Para imam juga memelihara hidup iman kita dengan pengajaran dan bimbingannya. Bisa juga mereka memberikan teguran dan koreksi, agar hidup kita dalam Kristus tetap berada di jalur yang benar. Singkat kata, para imam melakukan tindakan-tindakan bagaikan seorang ayah alami terhadap anak-anaknya. Maka sudah sepantasnya, mereka dipanggil “Romo” atau “Pater.
Ketiga, praktik pemanggilan sesorang sebagai “Bapak” tidaklah asing dalam Perjanjian Baru. Rasul Paulus sendiri tanpa ragu menyebut diri sendiri sebagai “bapak” dari orang-orang yang tertobat melalui pelayanannya.

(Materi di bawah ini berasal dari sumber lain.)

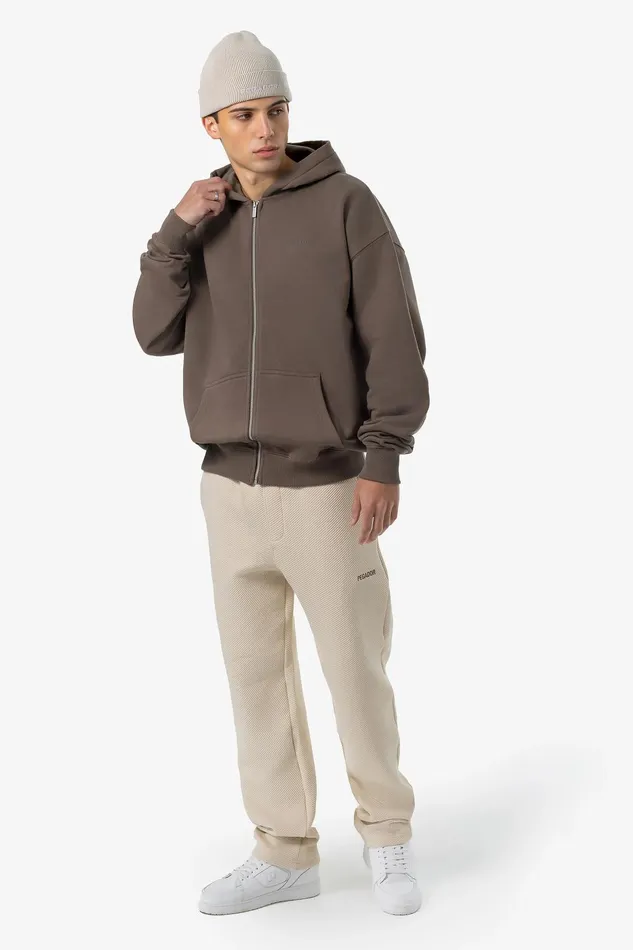 Men Pegador Hoodies Colne Logo Oversized Sweat Jacket Washed Dust Brown Men Pegador Hoodies Colne Logo Oversized Sweat Jacket Washed Dust Brown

Kepada orang-orang di Korintus, Paulus berkata, “Sebab sekalipun kamu mempunyai beribu-ribu pendidik dalam Kristus, kamu tidak mempunyai banyak bapa. Karena akulah yang dalam Kristus Yesus telah menjadi bapamu oleh Injil yang kuberitakan kepadamu.” Juga kepada Timotius, Paulus menyebut dirinya sebagai bapa dan dua kali memanggil Timotius sebagai anaknya karena Paulus sudah membawa Timotius dan keluarganya kepada iman pada Kristus (bdk. Flp 2:22 dan 1 Tim 1:2). Contoh konkret dari sang Rasul Agung ini tentu sangat mendukung seluruh Gereja untuk tanpa ragu memanggil para gembala sebagai Bapak (Pater, Romo). Maka, kita bisa mengerti mengapa pemanggilan “Pater” (Romo) sudah setua usia Gereja itu sendiri.

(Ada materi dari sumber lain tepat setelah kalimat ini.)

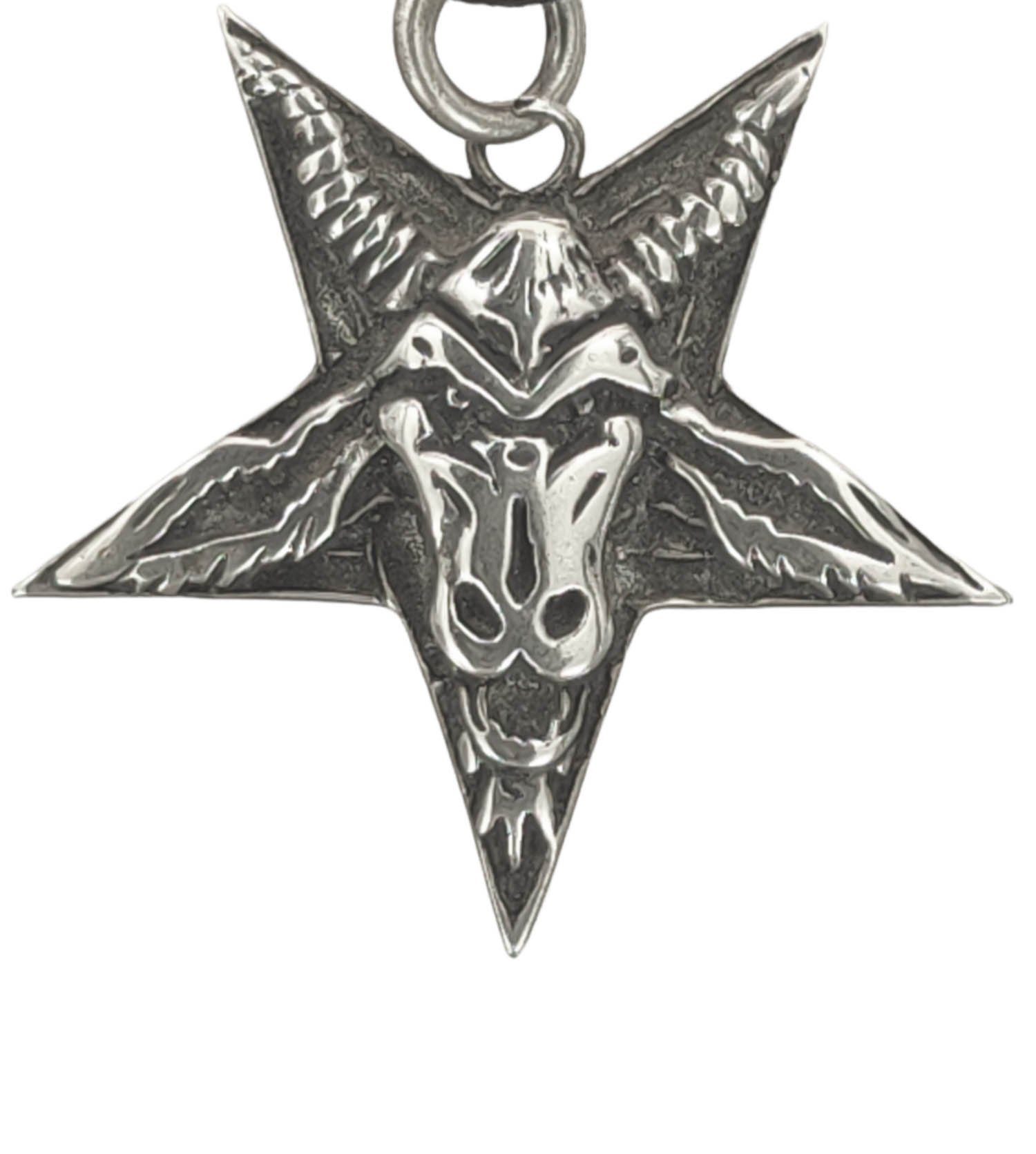 Kiss of Leather Kettenanhänger Anhänger Satanist Ziegenkopf Baphomet Silber Pentagramm 925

Keempat, jika kita mengerti secara harafiah teks Mat 23:9, maka kita akan dilarang memanggil ayah-ayah alami kita sebagai bapak, atau memanggil para pengajar kita sebagai guru. Jika demikian, semua praktik pemanggilan bapak, bukan hanya dalam Gereja tetapi juga di bidang lain, bertentangan dengan Mat 23:9. Maka, kita perlu mengerti Mat 23:9 dalam konteks asli dan menggali maksud pengajaran Yesus.
Konteks asli Mat 23:9 adalah kecaman Yesus kepada para ahli Taurat dan orang-orang Farisi. Kedua golongan ini dikecam karena munafik. Mereka mengejar penghormatan dari manusia dan mengabaikan apa yang dilihat Allah. Hal-hal lahiriah dipentingkan tanpa pendasaran yang sungguh pada penghayatan. Mereka berusaha mendapatkan penghormatan dari orang-orang, sehingga mereka suka berada di keramaian untuk memamerkan hidup kerohanian mereka yang hanya luarnya saja tanpa dasar yang mendalam. Dalam konteks ini, larangan Yesus dalam Mat 23:9 berarti agar jangan menumpuk gelar-gelar (Bapa, Guru, doktor, profesor) hanya untuk menyombongkan diri dan merasa diri penting, atau untuk mendapatkan penghormatan orang-orang. Dengan penafsiran seperti ini, berarti Yesus tidak melarang pemakaian kata panggilan “bapak” (Romo, Pater) atau “guru”.